→ INPUT DATA:
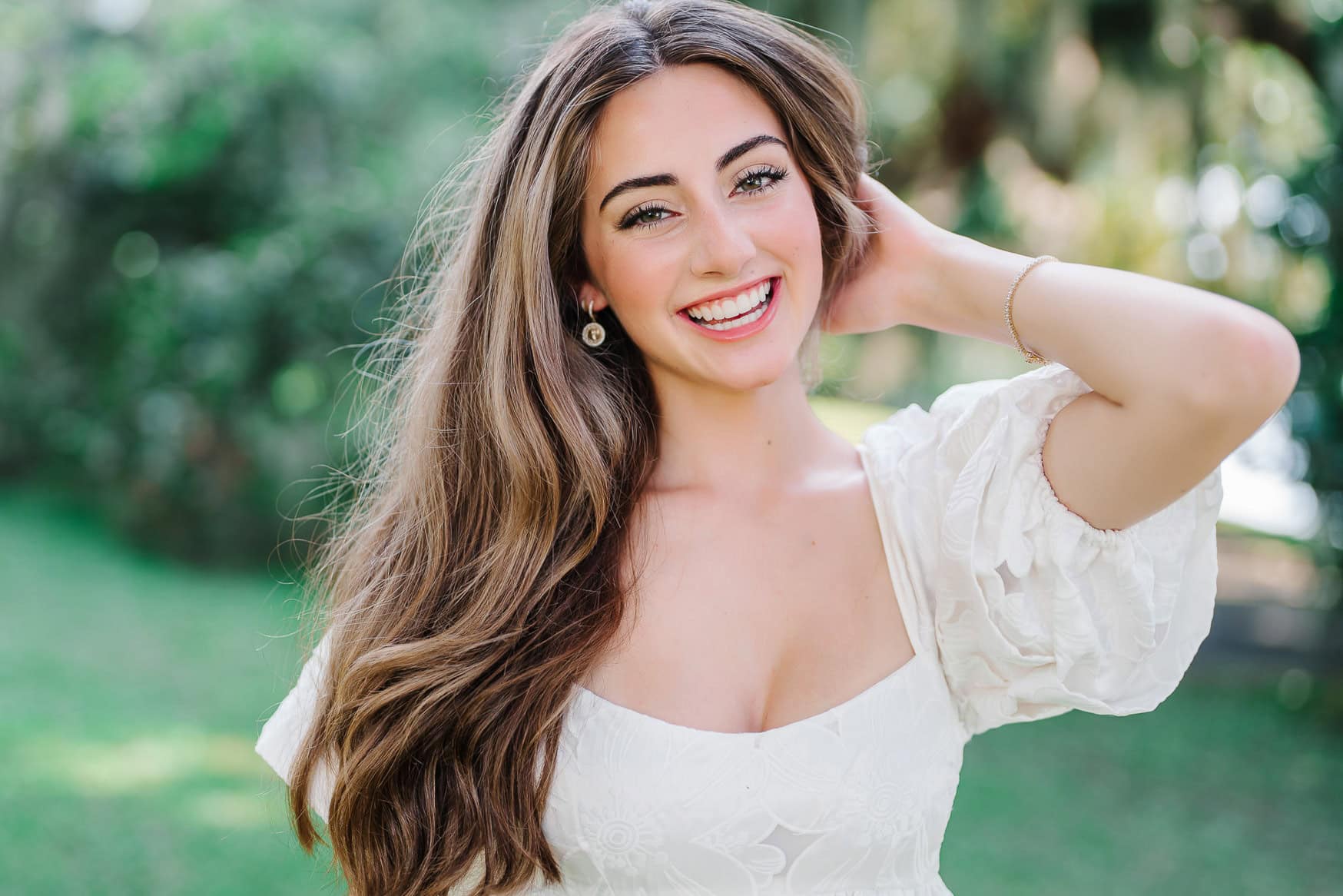 Bright young woman with long wavy hair, smiling confidently outdoors during daytime; perfect for senior portraits, wedding photography, or family beach sessions.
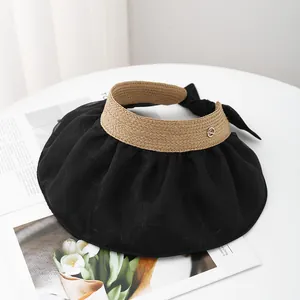 Detail view of khaki straw sun visor with black wide brim, ribbon bow and metal plaque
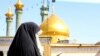 A veiled woman is seen in Qom, with golden-domed mosque in the background. File photo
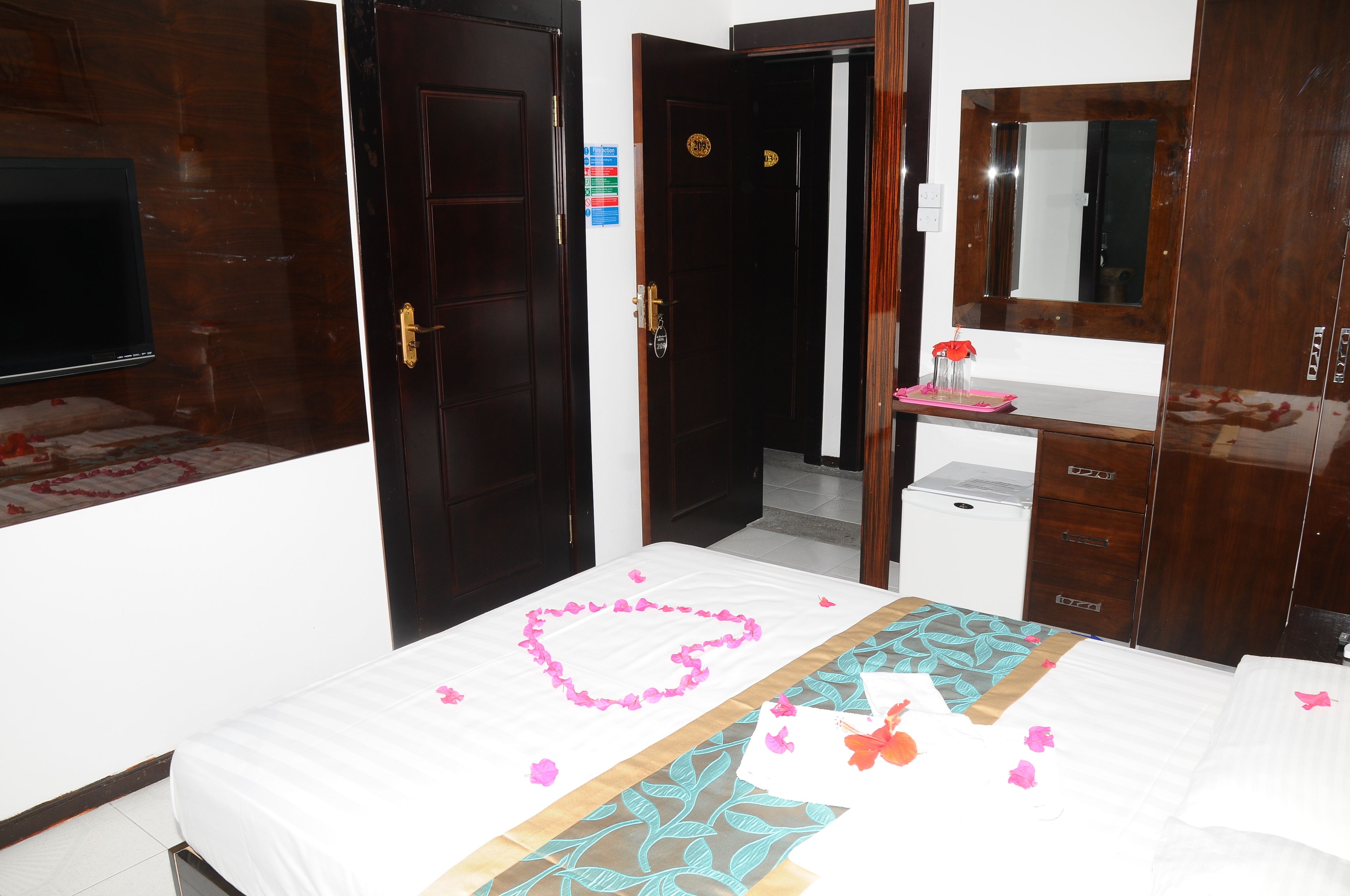 A hotel room with a bed, a dresser, a mirror, and a television.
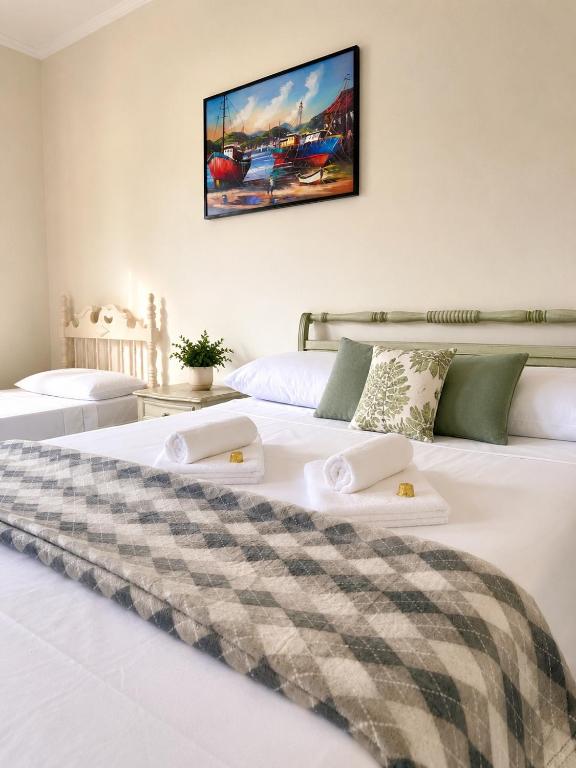 a bedroom with a white bed with two towels on it at Pousada Casa Contos de Minas in Ubatuba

→ WHAT YOU HAVE TO DO:
All lines of the material above should be returned unchanged, but no pictures should be included.

→ SOLUTION TO THIS PROBLEM:
 Bright young woman with long wavy hair, smiling confidently outdoors during daytime; perfect for senior portraits, wedding photography, or family beach sessions.
 Detail view of khaki straw sun visor with black wide brim, ribbon bow and metal plaque
 A veiled woman is seen in Qom, with golden-domed mosque in the background. File photo
 A hotel room with a bed, a dresser, a mirror, and a television.
 a bedroom with a white bed with two towels on it at Pousada Casa Contos de Minas in Ubatuba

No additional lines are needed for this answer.